Bref, je suis censée être drôle. Là c’est le moment où je
lève les yeux sur les sujets d’actualité, et tout ce que je vois c’est
« Ebola », « Jouyet-Fillon », « remise en route du
Japon »… Et si on s’arrêtait là ? Ce qui est sûr, c’est que si je
veux être drôle et éviter la politique, ce n’est pas dans l’actualité que je
vais devoir piocher ! Alors expliquez-moi de quoi je vais bien devoir
parler hein ? C’est vrai, je n’ai même pas l’habitude d’écrire des
articles hilarants ! Et puis comment est-ce que vous voulez être drôle
quand même les clowns deviennent la plus grande menace de la France ? (Sauf que je
ne vais pas vous parler de clowns méchants maintenant, puisqu’il est déjà prévu
qu’on vous en fasse le récit dans le prochain journal papier).
Du coup, j’ai essayé de me renseigner un peu autour de moi.
La fameuse question qui tue : Comment être drôle ? Mon petit frère
m’a regardé avec un air innocent et m’a répondu « pour être drôle, je
crois qu’il faut avoir ma tête. » Bref. De l’autre côté mes amies se sont
lancées dans un discours philo-pathétique du style « Alors faut être
naturel, ouais ouais, et puis ne pas se mettre de limites, enfin ne pas se
prendre la tête quoi, t’vois ? Bref, just be you, quoi !
» Je vois oui.
Mais ma réponse préférée, ça a été celle de Laurent Gilles dans : Mauvaises Nouvelles :
-T’es pas drôle aujourd’hui.
-Tu sais, on peut pas être drôle tous les jours.
-Ah bon… Et pourquoi ?
-J’sais pas.
-On a qu’à jouer à être drôle.
-ça va pas être facile.
-Il suffit de pas être triste.
-Toi, t’es vraiment drôle.
Jouer à être drôle… Est-ce que ce ne serait pas le jeu de
nous tous, finalement ? Est ce que ça veut encore dire quelque chose,
aujourd’hui, être drôle ? Est-ce que vous trouvez vraiment amusant la
blague machiste que votre copain vient de vous balancer ? Aujourd’hui, on
rit, c’est vrai. Partout. Pour n’importe quoi. Pas vraiment parce que
c’est drôle, mais parce que, au final, c’est tout ce qui nous permet de croire
qu’on est vraiment heureux et qu’on accepte ce monde dans lequel on vit. Au 21ème
siècle, être drôle, c’est savoir vanner.
Et vanner, c’est pointer du doigt un défaut, une aberration chez quelqu’un
d’autre et tourner ça en ridicule. La dérision, en quelque sorte. Etre assez
observateur et attentif pour remarquer le détail qui tue, rebondir dessus et
lancer sa vanne.
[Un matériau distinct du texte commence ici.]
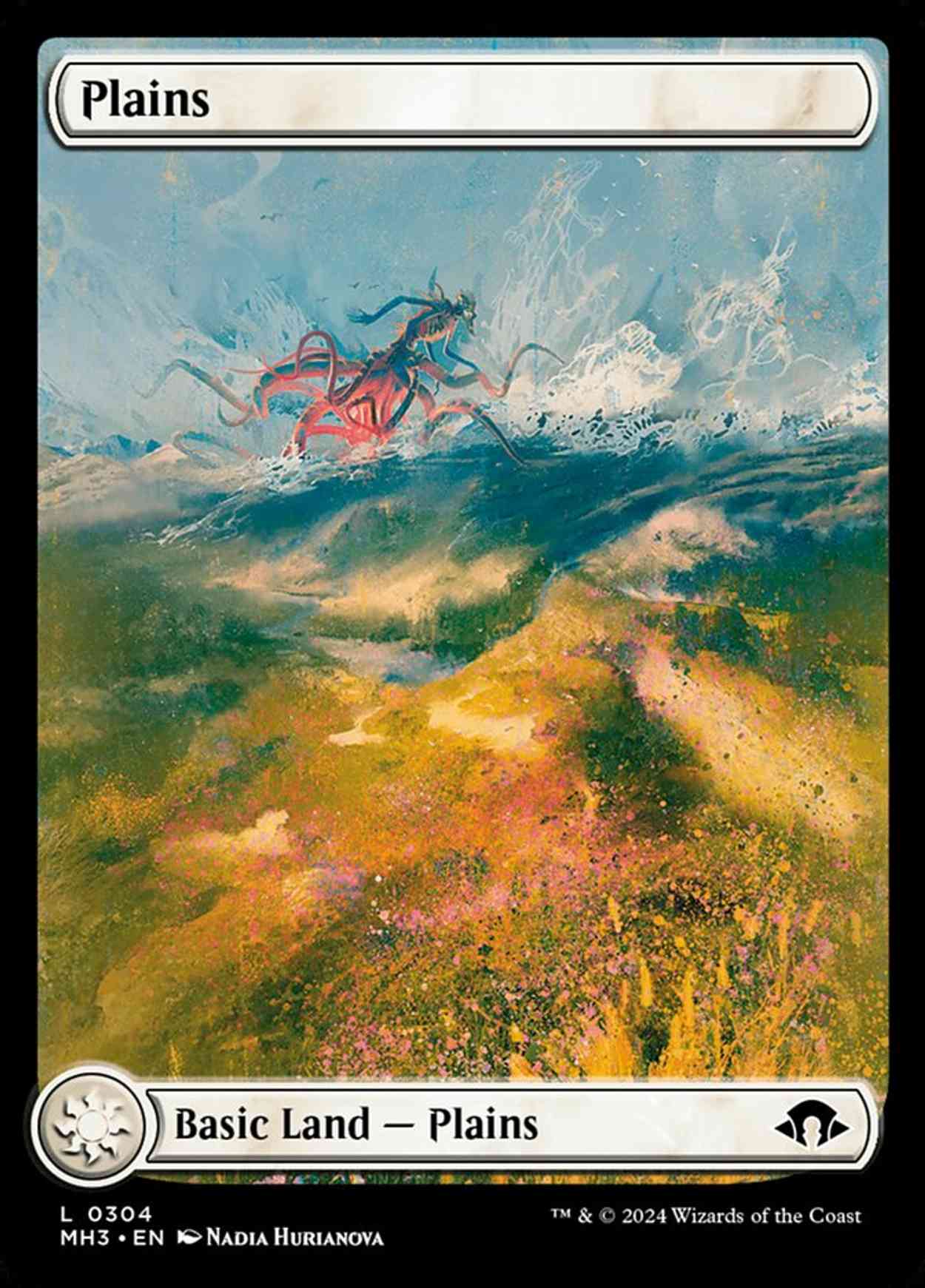 Plains (0304) magic card front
Enfin, tout un art quoi…
On m’a dit aussi
qu’il fallait être heureux pour être vraiment drôle. Je ne suis pas vraiment
d’accord. Pour moi, ce serait plutôt l’inverse : être drôle pour être
heureux. Ou au moins pour essayer de l’être. Vous savez, se donner cette
impression à soi-même que l’on est parfaitement heureux rien qu’en amusant la
galerie, ressentir cette impression d’être adulé, fort, invincible, parce que
vous parvenez à faire sourire toute une salle. J’admire beaucoup les gens qui
sont drôles (en convenant qu’ils sont réellement drôles et qu’ils ne se
limitent pas à des blagues carambars, évidemment). Pas ceux qui vous fatiguent
à force de rire à leurs propres blagues tout au long de la journée, mais plutôt
ceux qui en font une bataille. Celle d’être heureux et de rendre les autres
heureux. Regardez Charlie Chaplin. Je vous ferai grâce de toute sa
biographie ; le fait qu’il n’était pas l’homme le plus heureux du monde ne
nous est plus inconnu. Et pourtant, ça ne l’a pas empêché de faire rire aux
éclats toute une génération, et de nous amuser encore aujourd’hui. Pour la
simple raison qu’arrêter de rire, et de faire rire, ce serait replonger dans la
réalité ; celle où les manifestants se font tuer par les gendarmes, où la
courbe du chômage et de la croissance ne cessent de plonger, et où même les
smileys sur votre téléphone ont un sourire recourbé. Parfois, je me demande à
quoi pensent ces gens quand ils font rire les autres. Est-ce qu’ils ne
sont pas soulagés ? Soulagés de
voir que les gens peuvent encore rire, alors qu’on nous assène partout que la France est de plus en plus
triste ? C’est bien pour cette raison qu’on nous passe en boucle des
émissions censées nous ramener à la joie de vire. Imaginez cet entretien avec
Ruquier :
-Allô Laurent ? C’est Cath’ ! Tu sais pas quoi
j’ai une idée de dingue !
- Si c’est encore un débat littéraire crevant à 23h
t’oublie…
-Naaaan mais t’as pas compris ? On va faire rire les
gens ! Chopes nous 2 ou 3 humoristes amateurs et les gens redeviendront
heureux !
(On appellerait ça :
dialogue entre Ruquier et Barma sur la façon d’être heureux. Interdit à
la vente)
Ce qui fait que, aujourd’hui, on rit en regardant les
délires de Kev Adams, ou les émissions de télé-réalité sans intérêt (Oooo
regarde c’est trop drôle, elle a glissé en sortant de la douche parce qu’elle a
vu que son ex la trompait avec sa meilleure amie sauf qu’il peut pas la tromper
puisqu’ils sont plus ensemble à à mourir de rire !)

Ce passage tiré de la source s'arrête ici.